Data excerpts ::
* * *

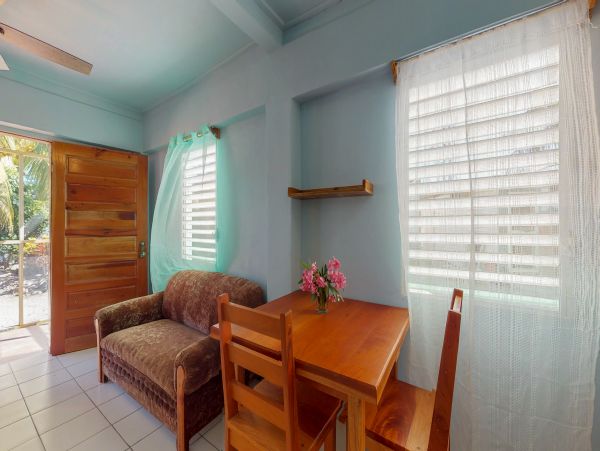 Ambergris Caye Home 1008329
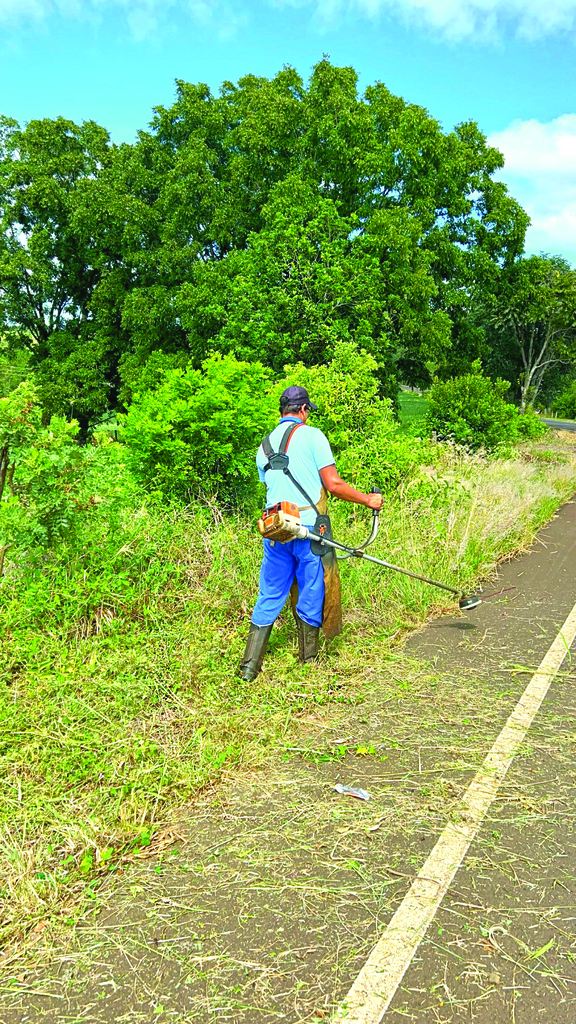 EQUIPE DA SECRETARIA DE OBRAS REALIZA ROÇADA NAS LATERAIS DA RODOVIA ENTRE ARROIO BONITO E ZONALTA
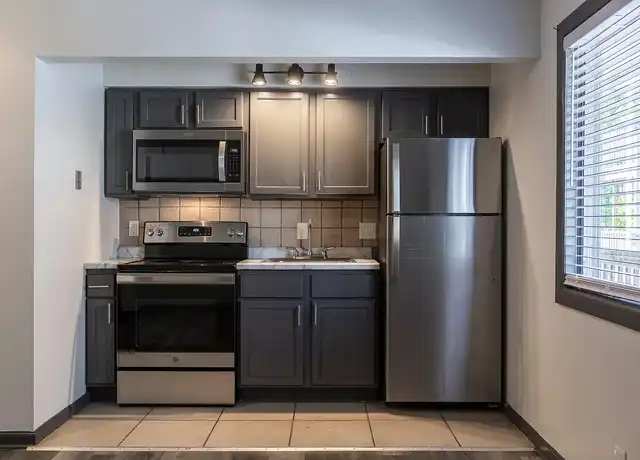 Property at 4648 Cuming St, Omaha, NE, 68132, 1 bed, 1 bath, [object Object]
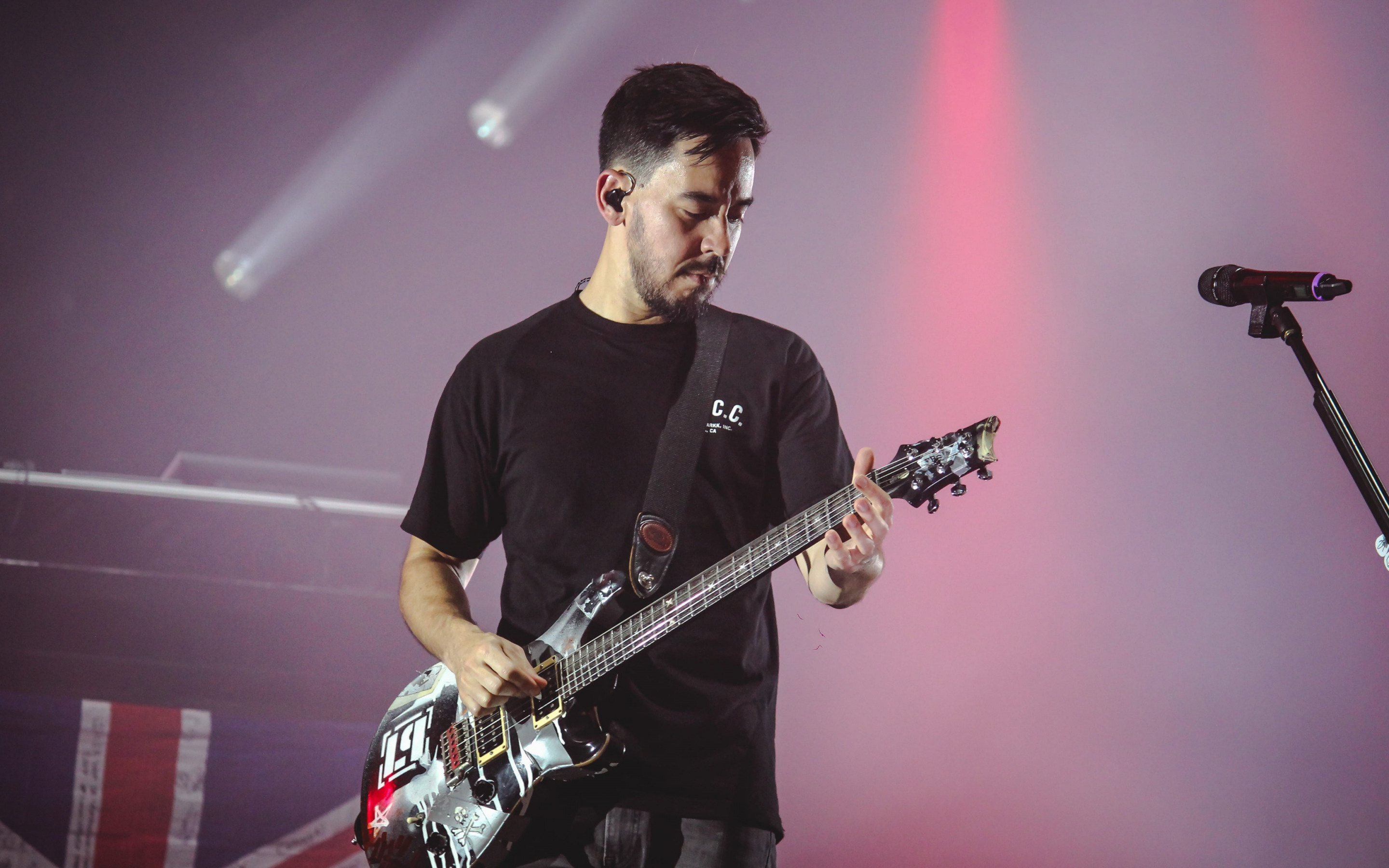 Mike Shinoda, Fondos de pantalla, Guitarra, 2880x1800 HD Desktop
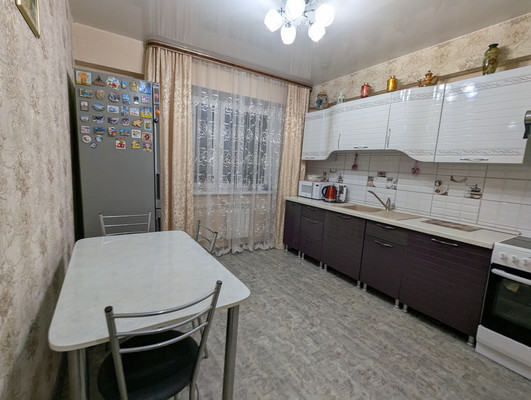 Продам двухкомнатную (2-комн.) квартиру, Можайского ул, 3/2, Иркутск г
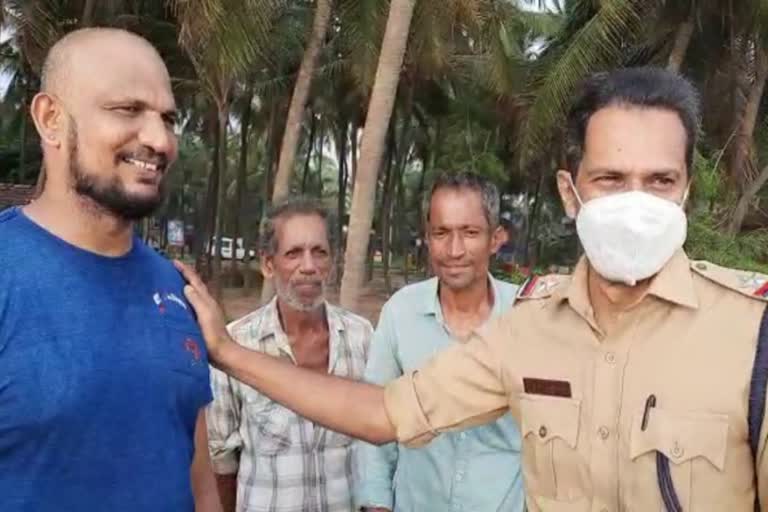 Kunjikrishnan rescues three fishermen after boat capsize in Kasargod  തോണിമറിഞ്ഞ് മൂന്ന് മത്സ്യത്തൊഴിലാളികൾ കടലിലകപ്പെട്ടു  കടലിലകപ്പെട്ട മത്സ്യത്തൊഴിലാളികളെ രക്ഷിച്ച് കുഞ്ഞികൃഷ്‌ണൻ  കാസർകോട് ബോട്ട് മറിഞ്ഞ് അപകടം  Kasargod Kanhangad Punchavi boat capsizes  കാഞ്ഞങ്ങാട് പുഞ്ചാവി തോണിമറിഞ്ഞു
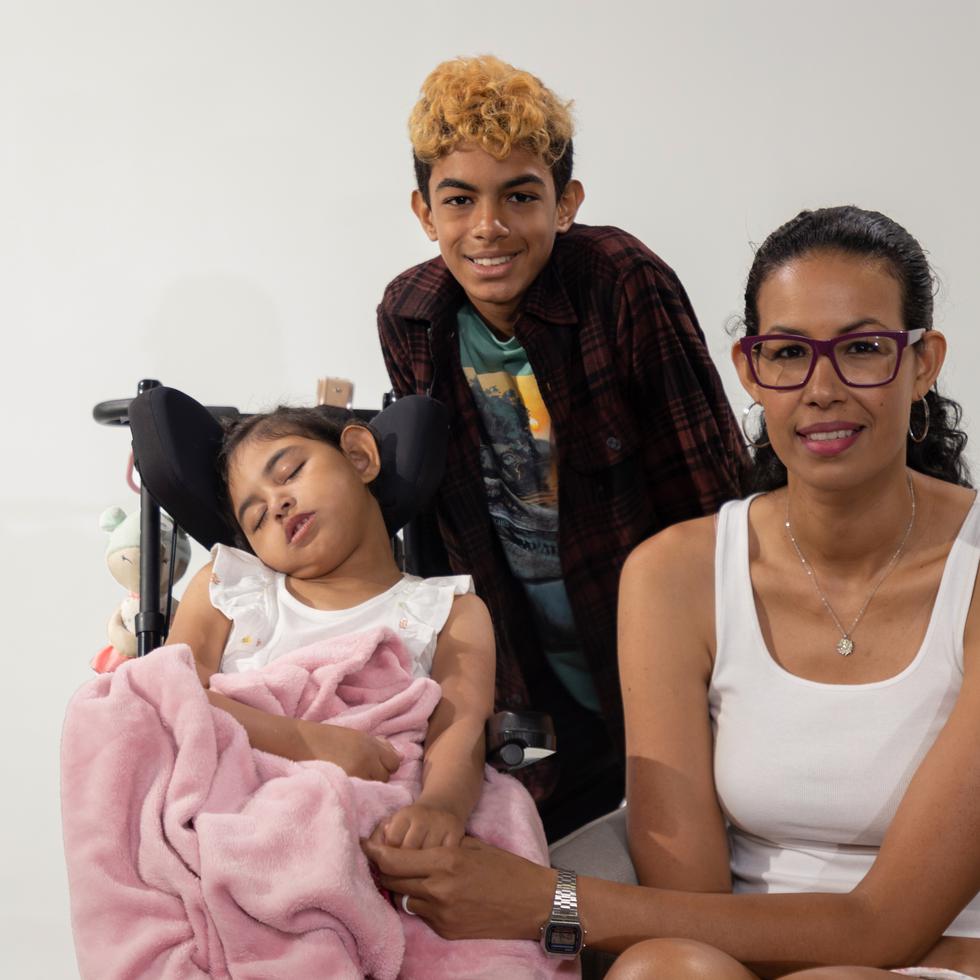 La exvoleibolista Sheila Ocasio junto a sus hijos Laila Isabel e Ian Samuel.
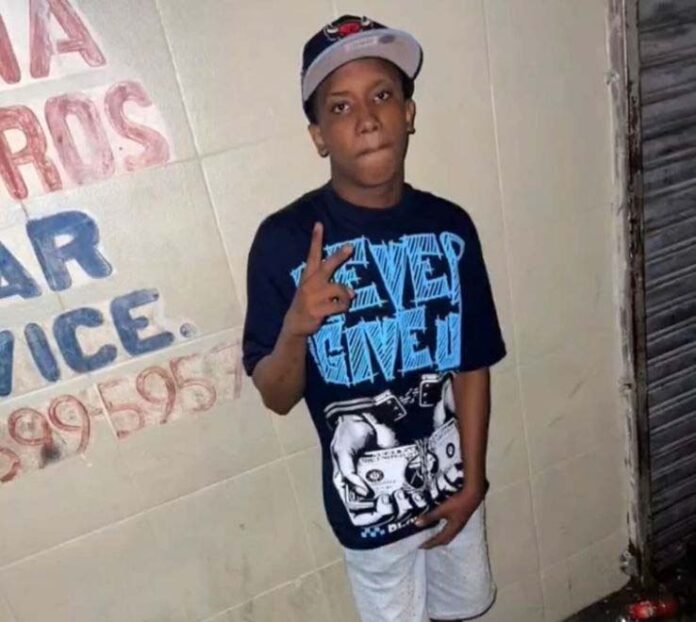 PN persigue dos hombres por muerte de un tercero en Los Mameyes y heridas de balas a otros dos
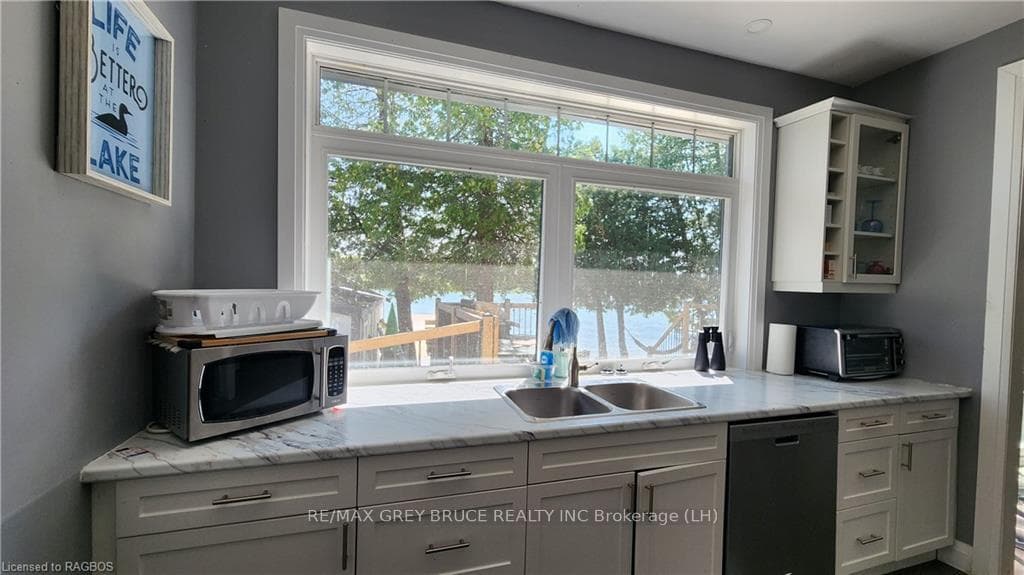 75 PARKER ISLAND Road photo 8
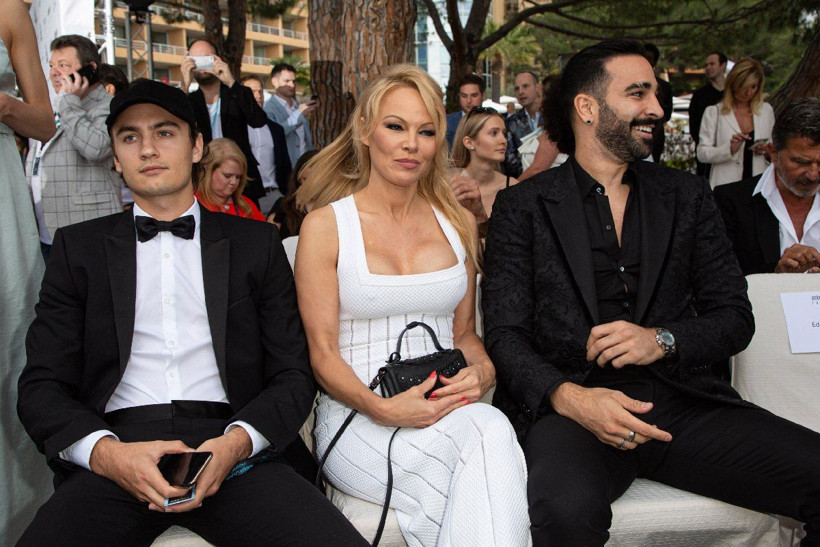 Pamela Anderson sevgilisi Adil Rami tarafından aldatıldı! Canavar diyerek isyan etti - Resim: 4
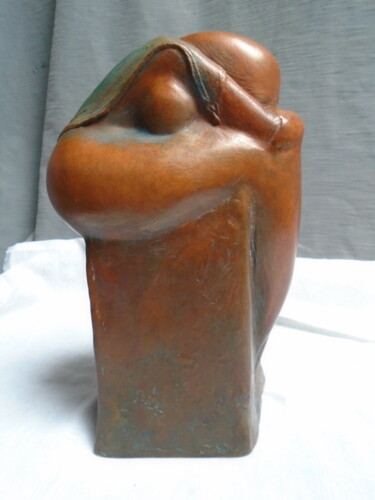 Sculpture intitulée "Femme assise stylis…" par Marie Ruiz, Œuvre d'art originale, Céramique
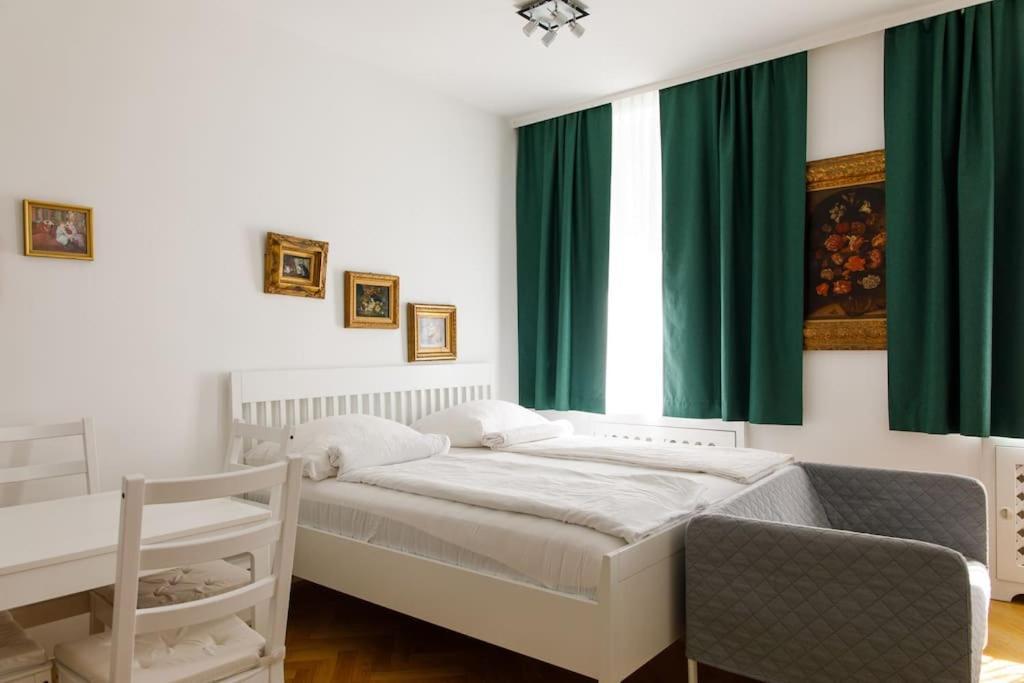 Vienna-Flats Self Check-In Apartman Kültér fotó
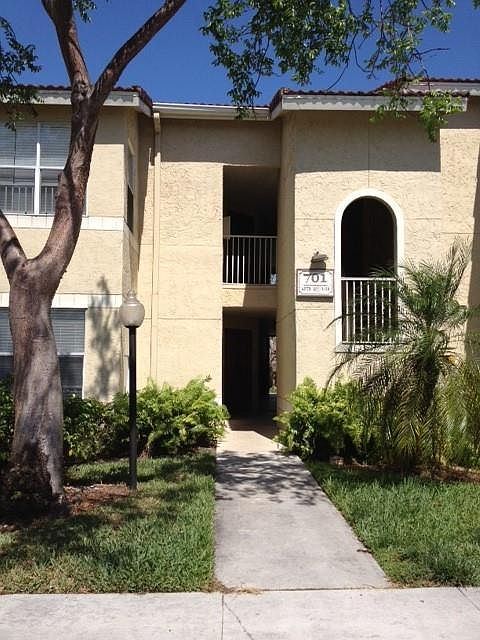 1st image of 701 Vista Isles Dr #701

* * *

Beginning with the line that contains "PN persigue dos", reproduce every line through the end of the records above exactly, leaving pictures out.

 PN persigue dos hombres por muerte de un tercero en Los Mameyes y heridas de balas a otros dos
 75 PARKER ISLAND Road photo 8
 Pamela Anderson sevgilisi Adil Rami tarafından aldatıldı! Canavar diyerek isyan etti - Resim: 4
 Sculpture intitulée "Femme assise stylis…" par Marie Ruiz, Œuvre d'art originale, Céramique
 Vienna-Flats Self Check-In Apartman Kültér fotó
 1st image of 701 Vista Isles Dr #701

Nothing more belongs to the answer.